Optional on-ramp: if you want to go hands-on beyond the toy, browse Mechanistic Interpretability — Getting Started (Neel Nanda) for the next concrete steps.

The expert move

A beginner treats a probe's accuracy as the result. An expert reads it as a claim about geometry: high separability means the concept is a linear direction you can both read and steer; low separability is itself a finding — the concept is entangled, which is the precise signature of superposition. The altitude jump is realizing that read and steer are the same operation, and that a probe's failure tells you why you need SAEs.
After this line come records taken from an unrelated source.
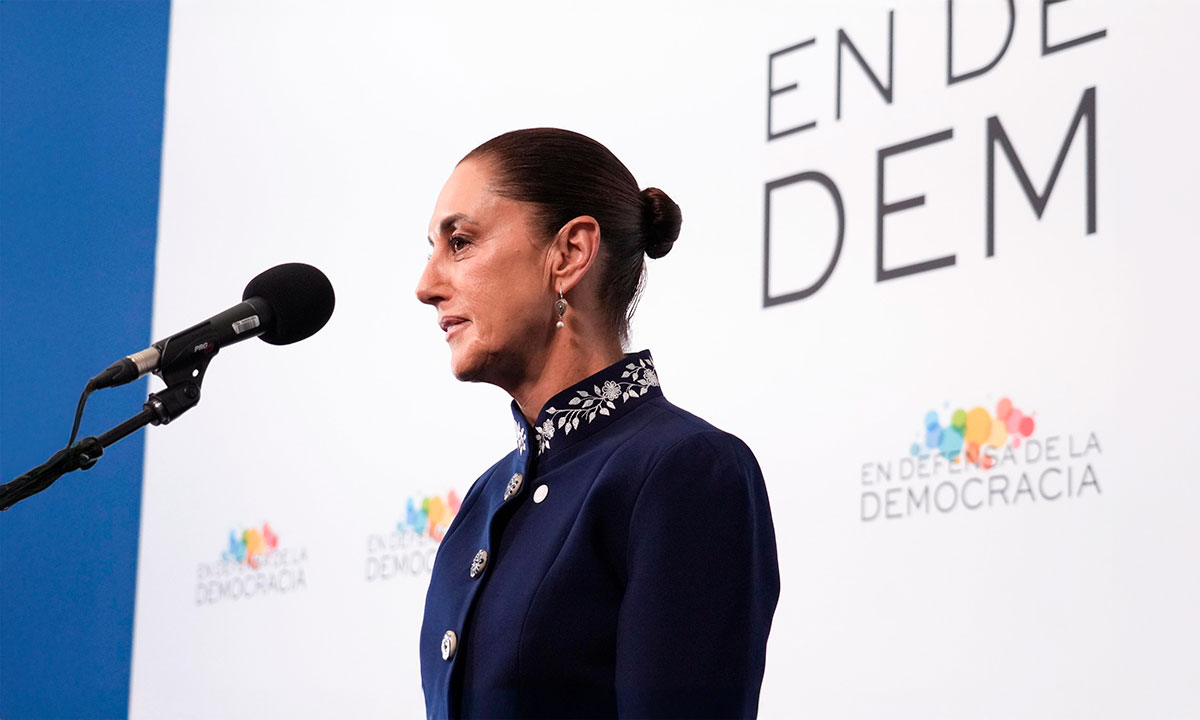 Claudia Sheinbaum rechaza intervención en Cuba durante Cumbre de la Democracia en Barcelona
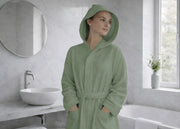 Accappatoio Con Cappuccio In Morbida Spugna Mod. Boutique Tinta Unita Salvia - M-L - Salvia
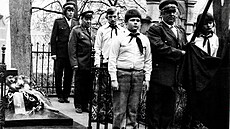 Historický snímek �estné strá�e u hrobu dvou jiných Ukrajinek, které zahynuly...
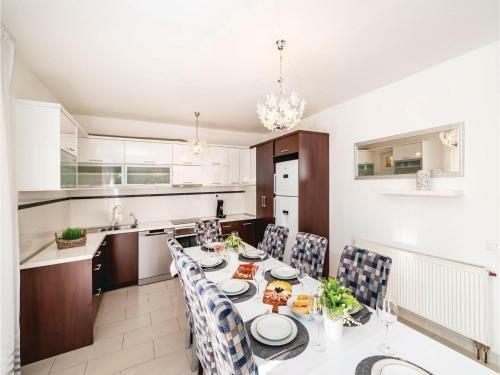 Six-bedroom Holiday Home In Vrana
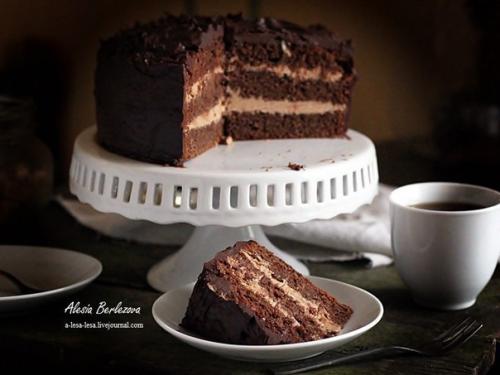 Торт Прага.  Очень просто (как оказалось) и вкусно! Торт Прага.  Очень просто (как оказалось) и вкусно!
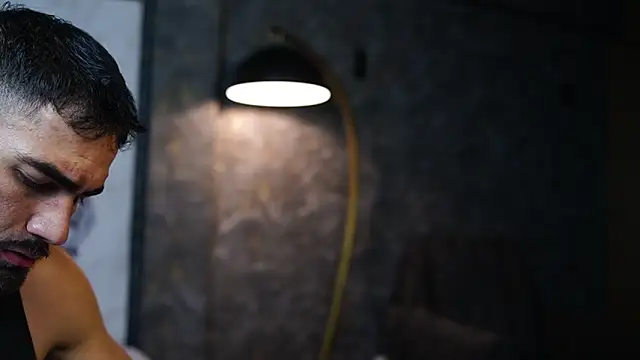 Austin bolt online show from February 3, 2:20 am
Say this in an interview: "A linear probe is the minimal version of feature analysis: if a concept is a direction in activation space, I can read it by projection and steer it by adding the direction back. When separability is poor, that's not a dead end — it's evidence the feature is in superposition, which is exactly what sparse autoencoders are built to disentangle."

Today's Takeaways

A linear probe finds a concept direction as a difference of class means and reads the concept by projection.
Separability is the score: high = the concept is a readable direction; low = it's tangled in superposition.
Reading and steering are one idea — the direction you read along is the direction you'd add to amplify or suppress the concept.
A probe that fails to separate is a finding, not a failure — it's the motivation for sparse autoencoders (Day 39).